Singleton is thread-safe and async-safe:

  1. Async Concurrency
    If multiple coroutines call resolve() concurrently, the factory function is guaranteed to be called only once. All callers receive the same cached instance.

  2. Thread Concurrency
    If multiple threads call resolve_sync() at the same time, the factory is only called once. All threads receive the same cached instance.

import threading
import asyncio


# In async code:
async def main():
   # calling resolve concurrently in different coroutines
   results = await asyncio.gather(
      MyContainer.singleton.resolve(),
      MyContainer.singleton.resolve(),
   )
   # Both results point to the same instance


# In threaded code:
def thread_task():
   instance = MyContainer.singleton.resolve_sync()
   ...


threads = [threading.Thread(target=thread_task) for _ in range(5)]
for t in threads:
   t.start()

ThreadLocalSingleton Provider

If you want each thread to have its own, separately cached instance, use ThreadLocalSingleton. This provider creates a new instance per thread and reuses that instance on subsequent calls within the same thread.

import random
import threading
from that_depends.providers import ThreadLocalSingleton


def factory() -> int:
   """Return a random int between 1 and 100."""
   return random.randint(1, 100)


# ThreadLocalSingleton caches an instance per thread
singleton = ThreadLocalSingleton(factory)

# In a single thread:
instance1 = singleton.resolve_sync()  # e.g. 56
instance2 = singleton.resolve_sync()  # 56 (cached in the same thread)


# In multiple threads:
def thread_task():
   return singleton.resolve_sync()


thread1 = threading.Thread(target=thread_task)
thread2 = threading.Thread(target=thread_task)
thread1.start()
thread2.start()

# thread1 and thread2 each get a different cached value

You can still use .resolve() with ThreadLocalSingleton, which will also maintain isolation per thread. However, note that this does not isolate instances per asynchronous Task – only per OS thread.

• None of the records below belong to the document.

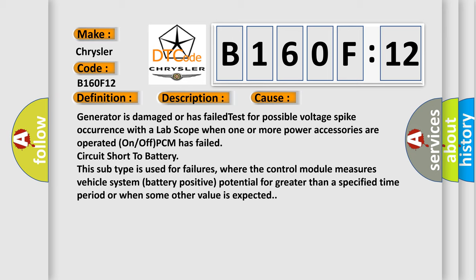This subtype is used for failures where the control module measures vehicle system battery positive potential for greater than a specified time period or when some other value is expected.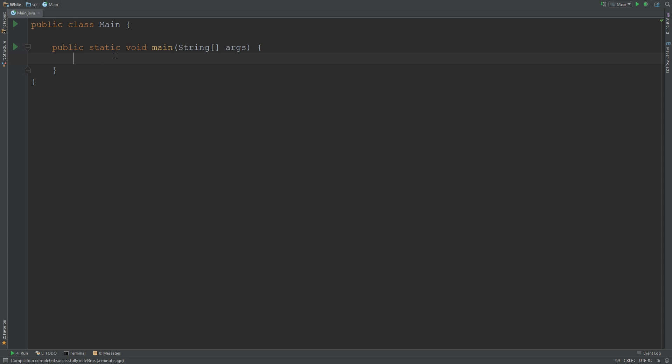I'm going to say int num1. This should be familiar to you if you already know a bit of Java or you looked at it in my previous videos. I'm going to say equals to 10. So now we have a variable called num1, it's equal to 10, and it's an integer value.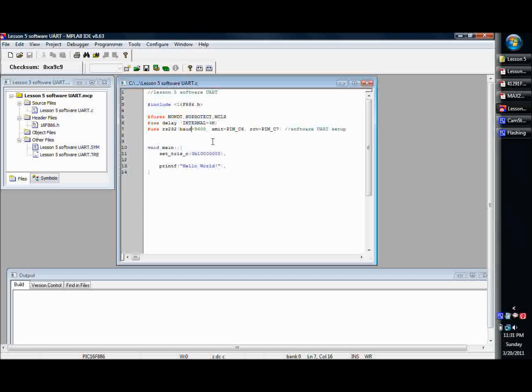Then you use the command XMIT for the transmit, and then like I said before we chose pin C6 as our transmit pin, and then our receive pin is pin C7.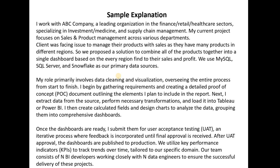Once the dashboard is ready, I submit it for user acceptance testing (UAT), which is an iterative process. The user reviews the dashboard and may request additional data, extra charts, or formatting changes, and shares feedback via email. As a BI developer, we incorporate those changes and repeat the process until we get final UAT approval. Once approved, the dashboard is promoted from UAT to production. You can also mention the names of KPIs relevant to your domain.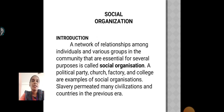Social Organization: A network of relationships among individuals and various groups in the community that are essential for several purposes is called social organization. A political party, factory and colleges are examples of social organization. Slavery permitted many civilizations and countries in the previous era.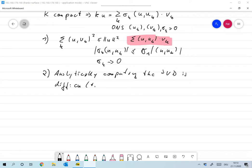For our main example, the Radon transform, the SVD can be computed, but the computation is already beyond the scope of this lecture. I will quote the result at some point, but we won't prove it and we won't use it. We use the existence of the SVD for analyzing the operator, but not in practice.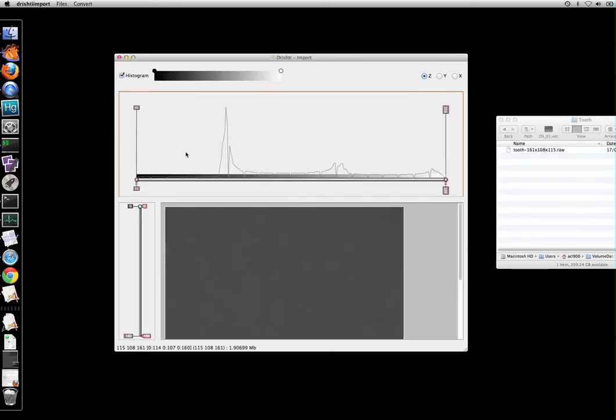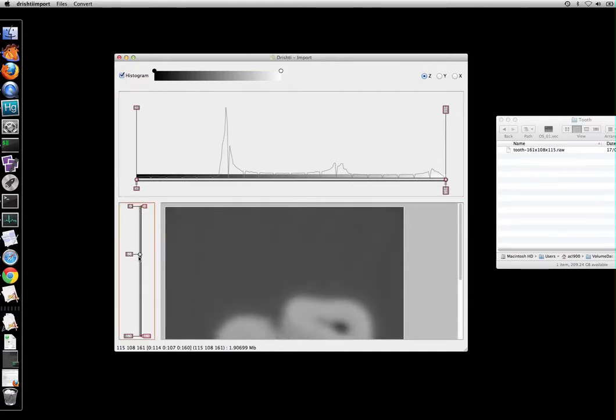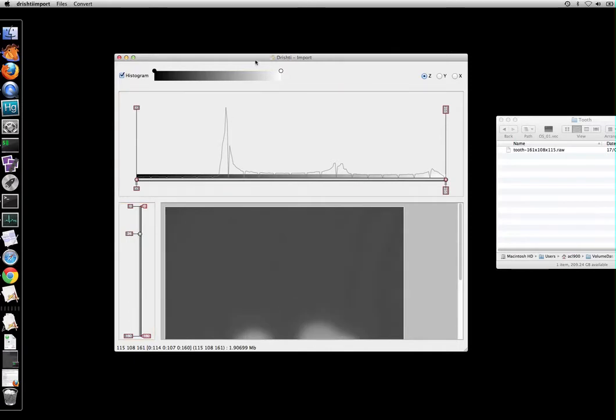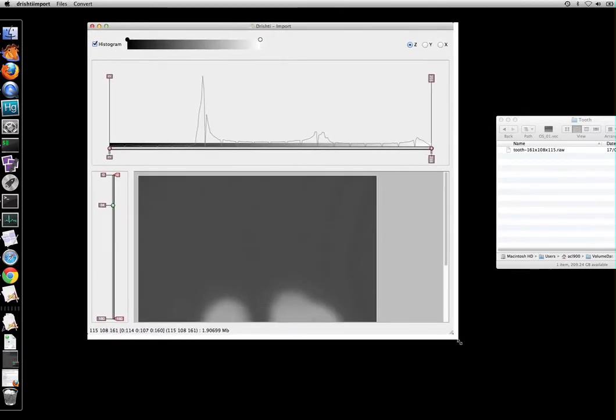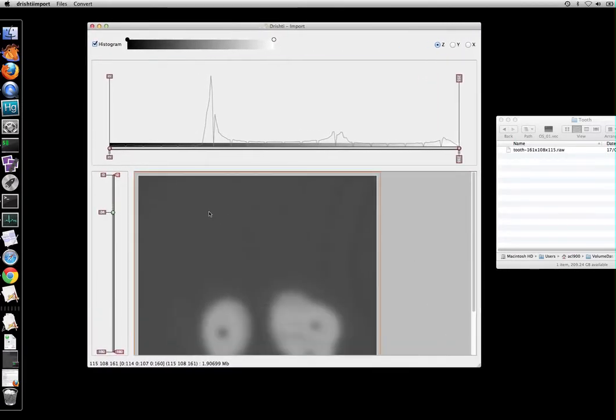Once you have done that, the program will go in and create a histogram. This is the 1D histogram of the data and this is the data. So let's just increase this box size.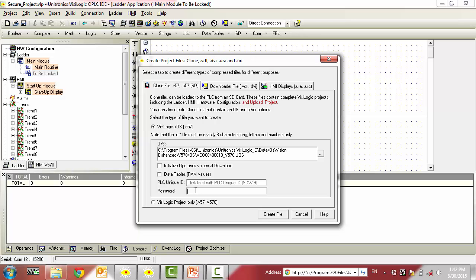Again, this password needs to be between 6 and 16 characters. After you have provided a password, select Create File.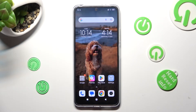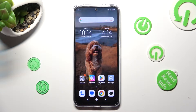Hi, in front of me is the Xiaomi Redmi Note 12 and today I would like to show you how you can resize icons on this device.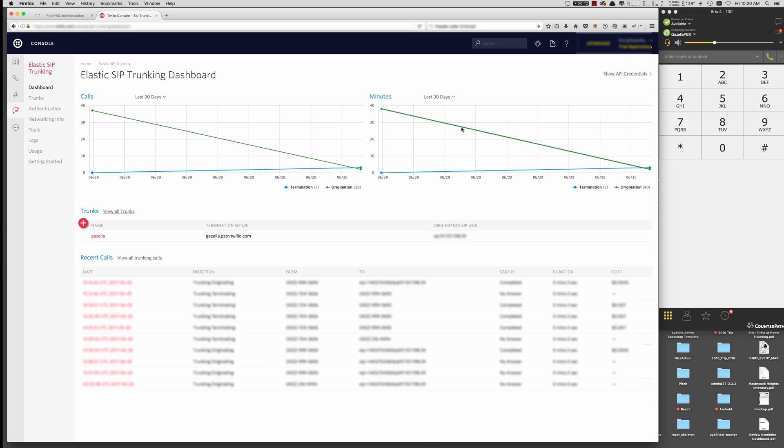Alright, this video will go over how to set up elastic SIP trunking with FreePBX. Now I'm using FreePBX Distro 13 with Asterix 11. So we're going to be using everything on the Chan SIP protocol and not PJ SIP.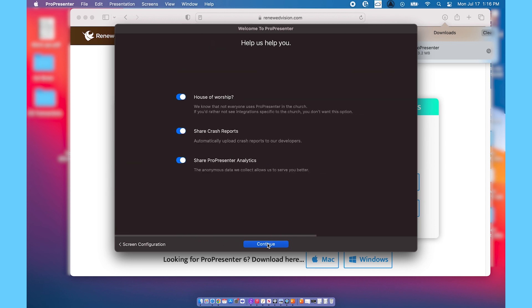You've got a bunch of options here. Share ProPresenter Analytics - I'm going to turn that off. I'm going to leave the crash reports on. You can turn it off if you want. All of that is personal preference.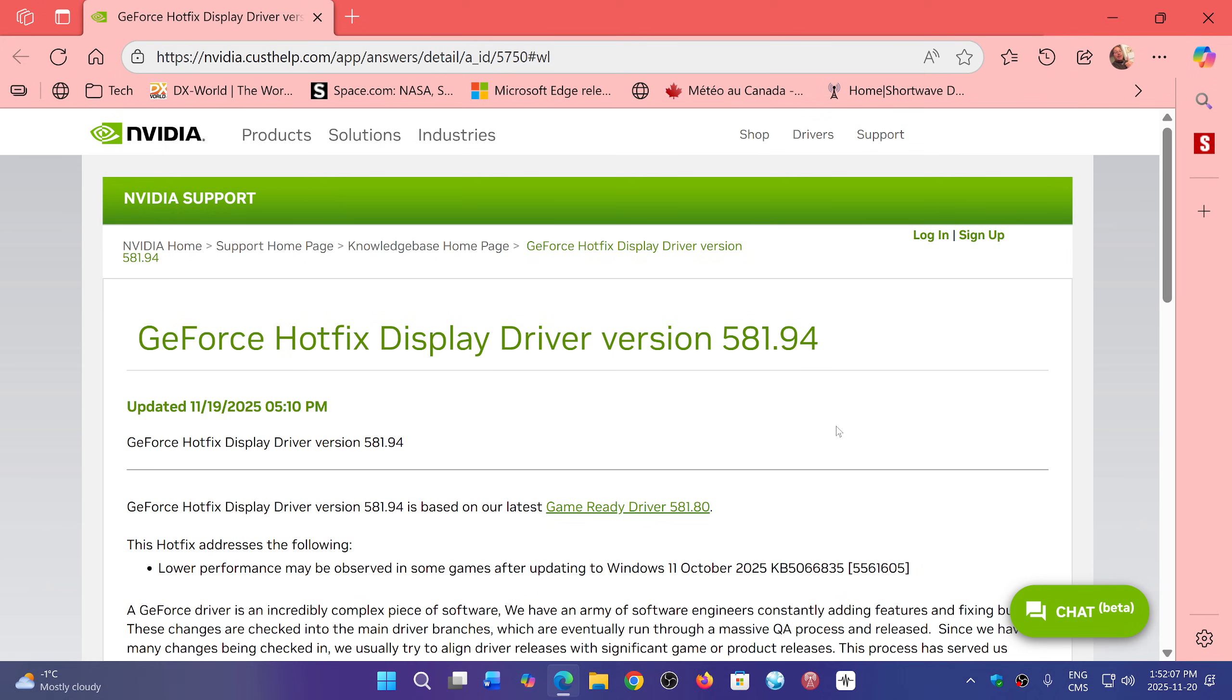they have this hotfix which is not available through your NVIDIA app. The NVIDIA app is going to tell you you have the latest driver. You have to download it manually. This is the hotfix which brings your driver version to 581.94.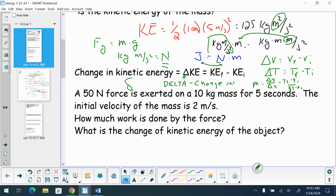When we're talking about the change in kinetic energy, we have our final kinetic energy minus our initial kinetic energy — what did we start out with, and what did we end with?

Example with pydantic-settings

Consider a scenario where your application configuration is defined via pydantic-settings. Often, you only want to parse this configuration (e.g., from environment variables) once, then reuse it throughout the application.

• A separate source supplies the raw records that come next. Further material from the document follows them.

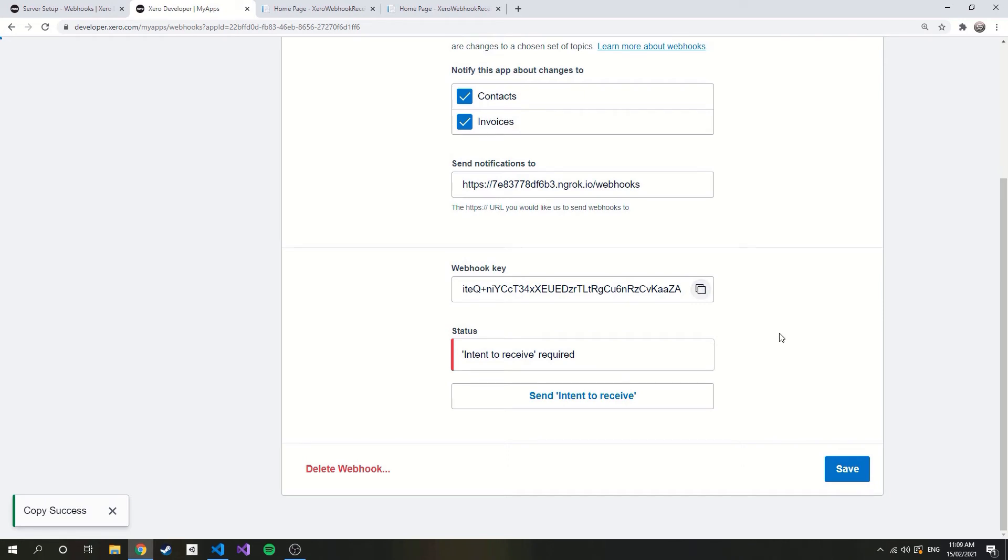We also have an intent to receive button, which will send dummy notifications and check that we are returning the correct responses. If successful it will change to an OK status.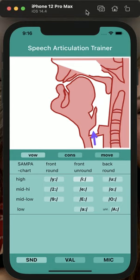Hello, everybody. So today we are talking about teaching consonant articulation using the app Speech Articulation Trainer 4.0.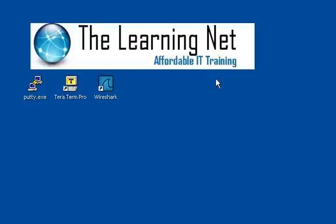My name is Paul. I'd like to thank you for your time and sincerely hope you choose The Learning Net as your IT training center of choice. Thank you.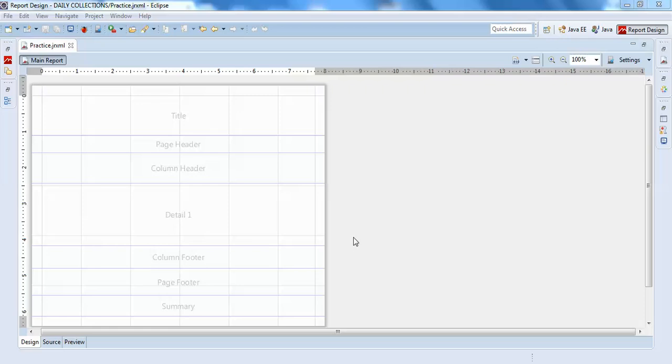Hello guys, welcome to Interact Report. In the previous video we saw how to connect your Jasper Studio with the database using the driver name, URL, username, and password. Now we will design a simple page.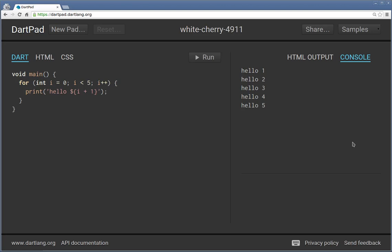Hi everyone, this is Richard. In this video, we are going to go over the DartPad. Now, the DartPad is a replacement for the Dart Editor. The Dart Editor is going away, so this is the best we got, basically.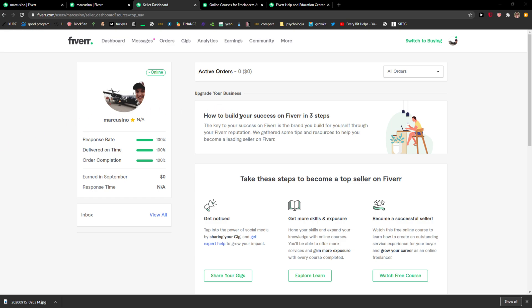Hey everybody, my name is Markus and in this video I will show you a simple way how you can easily delete your account or cancel your account in Fiverr. So let's start.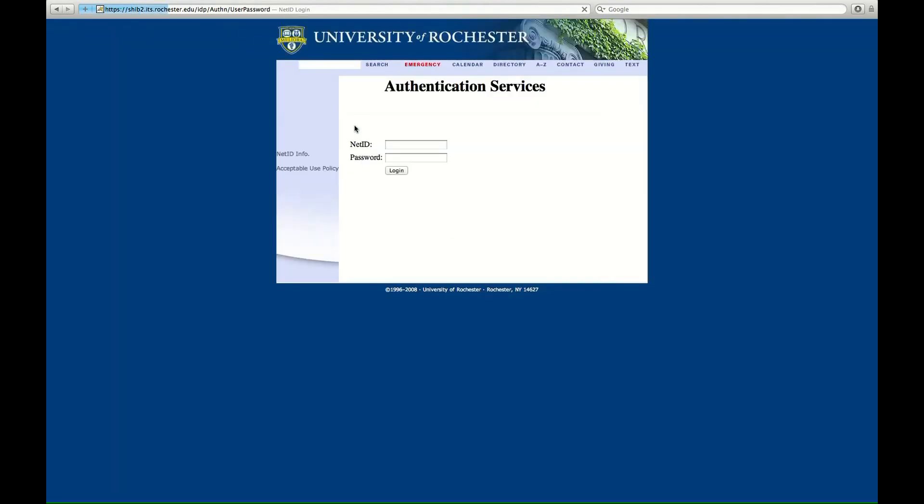Here we find the net ID login. Type in your username, Roberto Rodriguez again, followed by your password. Hopefully not password. And click login.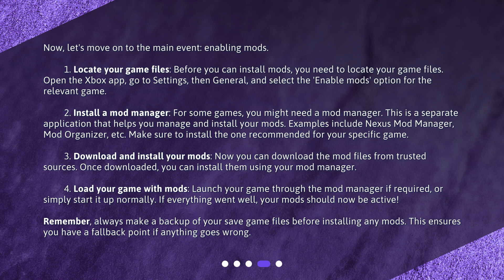Step 3 — Download and install your mods. Now you can download the mod files from trusted sources. Once downloaded, you can install them using your Mod Manager. Step 4 — Load your game with mods. Launch your game through the Mod Manager if required, or simply start it up normally. If everything went well, your mods should now be active.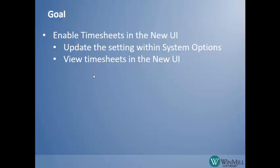In version 15.1, users can enter timesheets in either the classic PPM interface or the new user interface, but not both. The goal of this video is to show you how to enable timesheets in the new UI.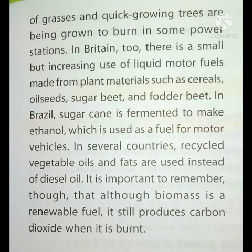It is important that biomass is a renewable fuel, but when it is burnt, it produces carbon dioxide.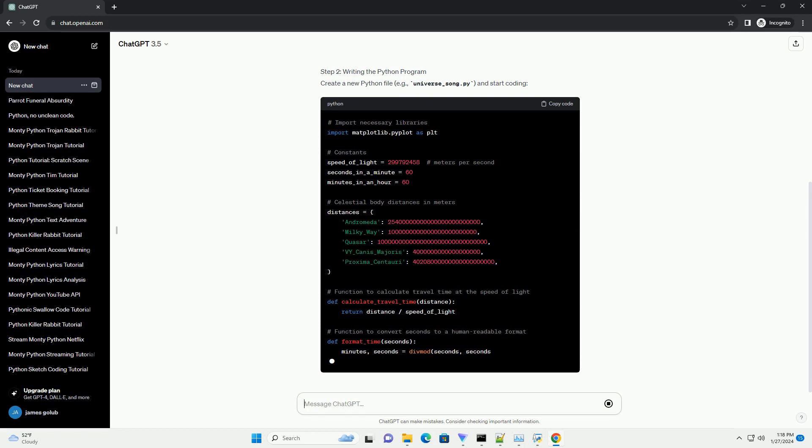including the sizes and distances of celestial bodies. The lyrics contain information about the speed of light, the distance to various stars, and other cosmic details.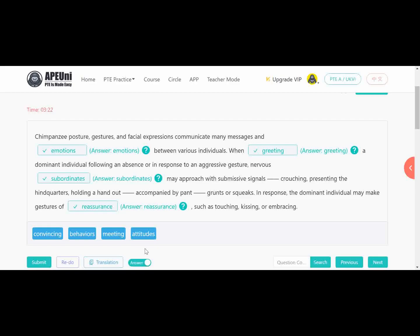This is the hard level of page number 3 of AP Uni. If you are facing problems with these kinds of blanks, you can contact me — my number is given in the description box. You can discuss any PTE-related problems with me at no cost. Don't forget to subscribe to my channel, like my videos, and share them with your friends. Thank you so much for watching.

from pydantic_settings import BaseSettings
from pydantic import BaseModel


class DatabaseConfig(BaseModel):
    address: str = "127.0.0.1"
    port: int = 5432
    db_name: str = "postgres"


class Settings(BaseSettings):
    auth_key: str = "my_auth_key" 
    db: DatabaseConfig = DatabaseConfig()

Defining the Container

Below, we define a container with a Singleton provider for our settings. We also define a separate async factory that connects to the database using those settings.

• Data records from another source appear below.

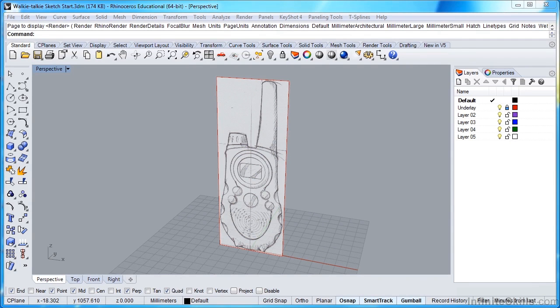In this lesson, we'll continue building our walkie-talkie. Before we get started, I'd like to go ahead and make a couple changes to the Rhino interface.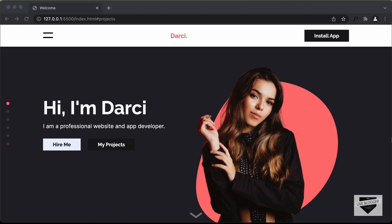Hi everybody, welcome to Live Blogger. This is an introduction video of a tutorial series where we're going to design a responsive portfolio website from scratch using HTML, CSS and JavaScript. But in this video, I'll just give you a demo of the website that we're going to design.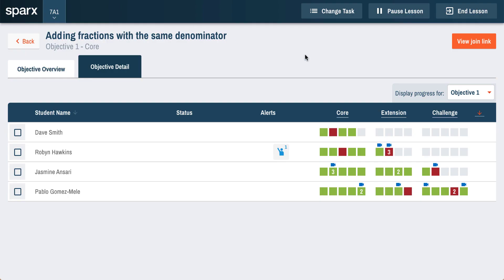Teachers can monitor the progress of every student in real time. They can see whether students have joined the lesson, how each student is progressing through the lesson, and who might be struggling.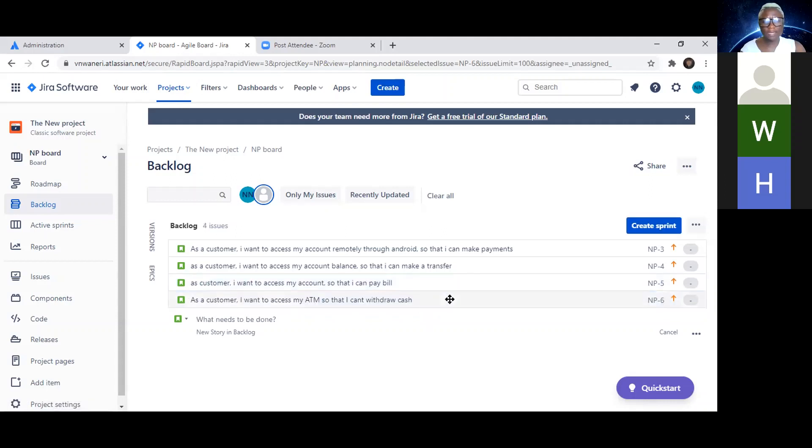For the PII epic — as a customer, I want to be able to change my...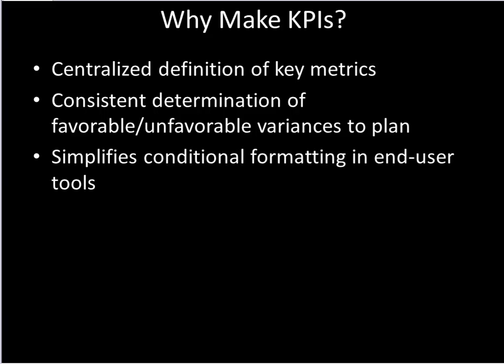And then finally, it does simplify the conditional formatting in the end user tools. So Excel understands what these KPIs are natively. And we'll see when we go through and create one that Excel will see, oh, that's a KPI, it's favorable, therefore I need that to be a certain color green and so on. So it does simplify life for the end users, which is always one of our goals.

from that_depends import BaseContainer, providers

async def get_db_connection(address: str, port: int, db_name: str):
    # e.g., create an async DB connection
    ...

class MyContainer(BaseContainer):
    # We'll parse settings only once
    config = providers.Singleton(Settings)

    # We'll pass the config's DB fields into an async factory for a DB connection
    db_connection = providers.AsyncFactory(
        get_db_connection,
        config.db.address,
        config.db.port,
        config.db.db_name,
    )

Injecting or Resolving in Code

You can now inject these values directly into your functions with the @inject decorator:

from that_depends import inject, Provide

@inject
async def with_db_connection(conn = Provide[MyContainer.db_connection]):
    # conn is the created DB connection
    ...

Or you can manually resolve them when needed:

# Synchronously resolve the config
cfg = MyContainer.config.resolve_sync()

# Asynchronously resolve the DB connection
connection = await MyContainer.db_connection.resolve()

By using Singleton for Settings, you avoid re-parsing the environment or re-initializing the configuration on each request.